Abstract: Over Boreal regions, monoterpenes emitted from the forest are the main precursors for secondary organic aerosol (SOA) formation and the primary driver of the growth of new aerosol particles to climatically important cloud condensation nuclei (CCN). Autoxidation of monoterpenes leads to rapid formation of Highly Oxygenated organic Molecules (HOM). We have developed the first model with near-explicit representation of atmospheric new particle formation (NPF) and HOM formation. The model can reproduce the observed NPF, HOM gas-phase composition and SOA formation over the Boreal forest.
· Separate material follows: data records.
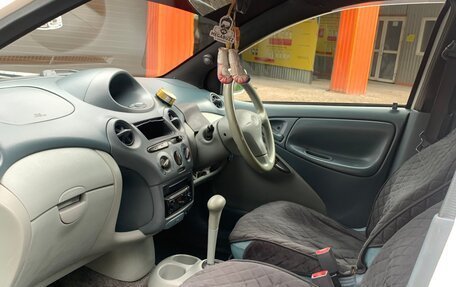 Toyota Vitz, 2000 год, 444 000 рублей, 9 фотография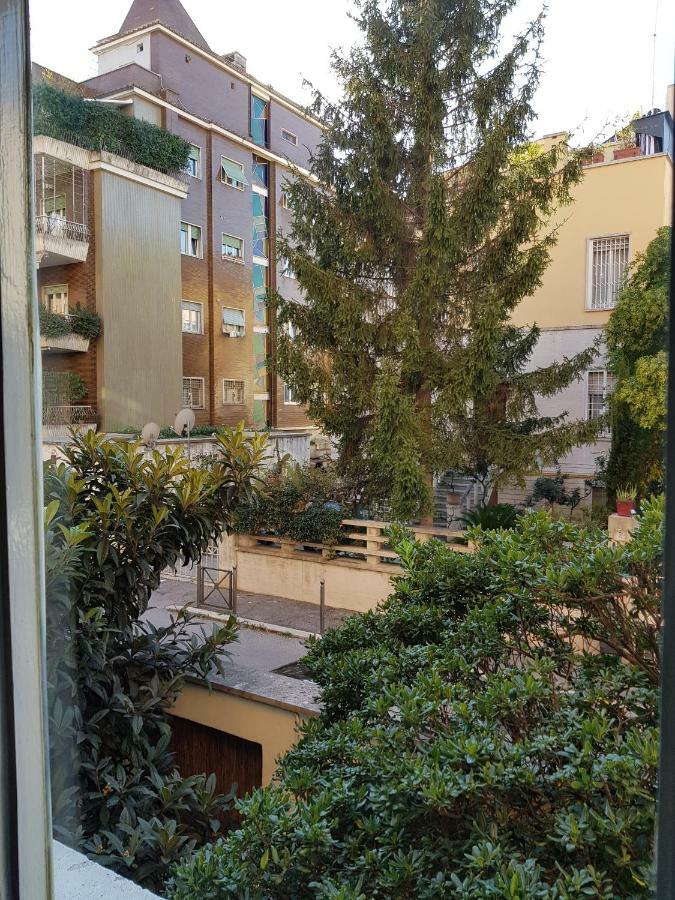 Appartamento Luminoso Con Vista Su Villa Ada Roma Exterior foto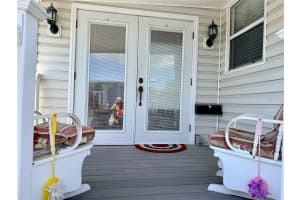 651 54TH LANE, ST PETERSBURG, FL 33707 - MLS#MFRTB8489133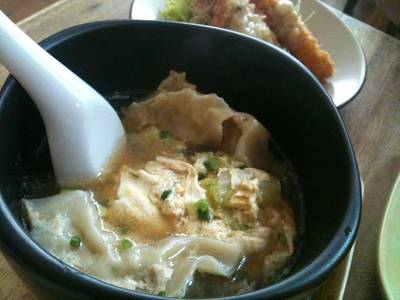 ซุปเกี๊ยวซ่า ที่ ร้านอาหาร Itto Shokudo อิโตะโชคุโด ซุปเกี๊ยวซ่า ที่ ร้านอาหาร Itto Shokudo อิโตะโชคุโด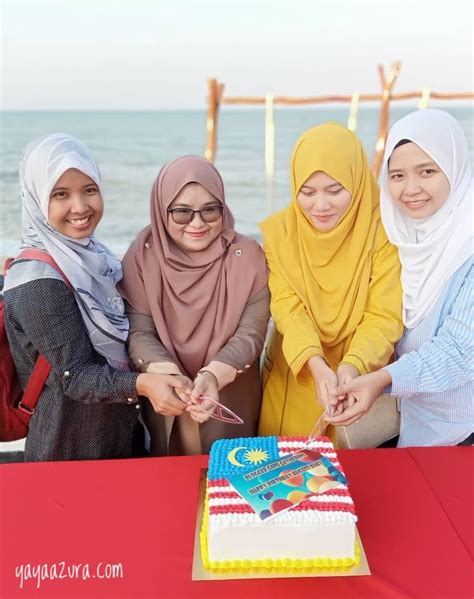 Ada beberapa gerai yang jual makanan minang di sini. Dnialicious Cake House, Kek Birthday Sedap Di Kuala Terengganu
During the spring, HOM SOA formation increases the CCN concentration by ~10 % and causes a direct aerosol radiative forcing of −0.10 W/m 2 . In contrast, NPF reduces the number of CCN at updraft velocities 〈 0.2 m/s, and causes a direct aerosol radiative forcing of +0.15 W/m 2 . Hence, while HOM SOA contributes to climate cooling, NPF can result in climate warming over the Boreal forest.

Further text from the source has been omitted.